StreamManager drops "streamListen" response on the floor resulting in lost events

[yjbanov]

StreamManager drops "streamListen" response on the floor. This creates a race between any action resulting in an event and the enabling of the stream. If the action completes before the stream is enabled, the event is not reported on the stream.

This affects FlutterDriver, which resumes the isolate and waits for an onExtensionAdded event. The act of subscribing to the onExtensionAdded stream kicks off an invisible background "streamListen" call, which races isolate.resume(). When resume wins the race onExtensionAdded is notified, otherwise we're never notified and time out.

This is not urgent as we have a workaround, which is to send "streamListen" on a separate channel prior to the resume/waitForExtension handshake.

[nex3]

I'm not sure how to address this. The Stream API doesn't really provide any way of dealing with a possible delay between the call to Stream.listen() and the actual production of events. I suppose we could block all other requests when a streamListen is in flight...

@turnidge Is there some way we can make the protocol itself resilient to this issue? For example, streamListen could have an optional startTime parameter, which would cause the service to replay and events that happened after that time.

[yjbanov]

Provided there is no delay between the call to Stream.listen() and the call to onListen, one possible solution is to provide an alternative set of getters that return Future<Stream<Map>> instead of Stream<Map>. The Future wrapper would only resolve once the call to streamListen is finished and therefore it is safe to call Stream.listen() and trigger the event production immediately after.

[nex3]

I don't think Future<Stream> works—if we send streamListen before Stream.listen() is called, we put ourselves at high risk of leaking listens since we don't have a clear signal of when to cancel the listen.

[yjbanov]

What about providing explicit methods for enabling/disabling streams? In a sense registering a listener for receiving events is orthogonal to emitting the events. I may want to keep a subscription alive, while starting and stopping event stream multiple times during the lifecycle of the subscription.

[nex3]

That goes against the broader semantics of the Stream class... listen()/cancel() are explicitly designated as the signals for allocating and releasing the resources necessary for emitting events on the stream.

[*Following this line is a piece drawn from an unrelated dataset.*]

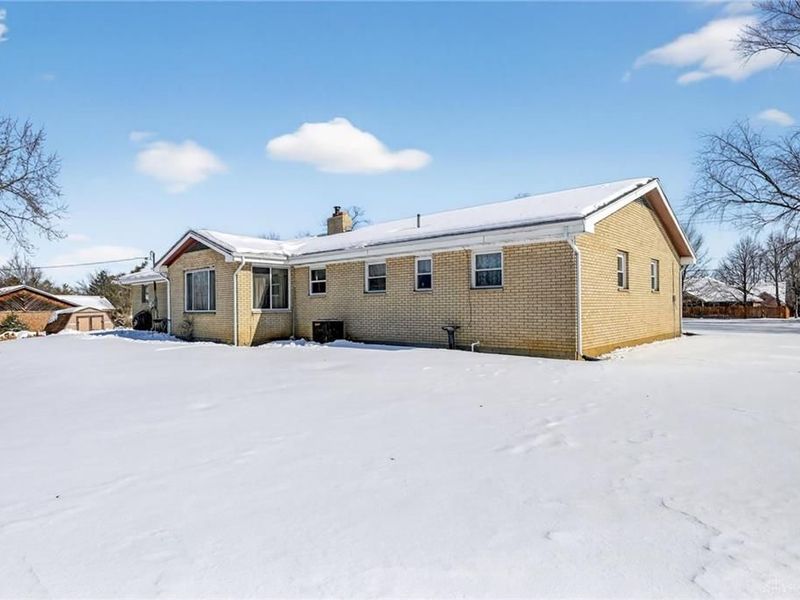 1025 Helke Road, Vandalia, OH 45377 Photo 3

Another way to express this would be to add Future get StreamSuscription.ready, which would signal when a subscription is actively emitting events. @lrhn what do you think?

[lrhn]

I'm not sure I understand this particular problem (since I don't know StreamManager or what it's trying to do), but in general ...

A stream has a very simple state - it's either unstarted, active, paused or cancelled, with clear transitions between them:

• listen: goes from unstarted to active
• pause: goes from active to paused
• resume: goes from paused to active
• cancel: goes from active or paused to cancelled.

The corresponding controller callback methods report when such a change has happened, right after it has happened. The callbacks are called immediately after changing the state, so the onListen callback is called synchronously by the listen call after changing the stream's internal state from unstarted to active, there is no delay between them.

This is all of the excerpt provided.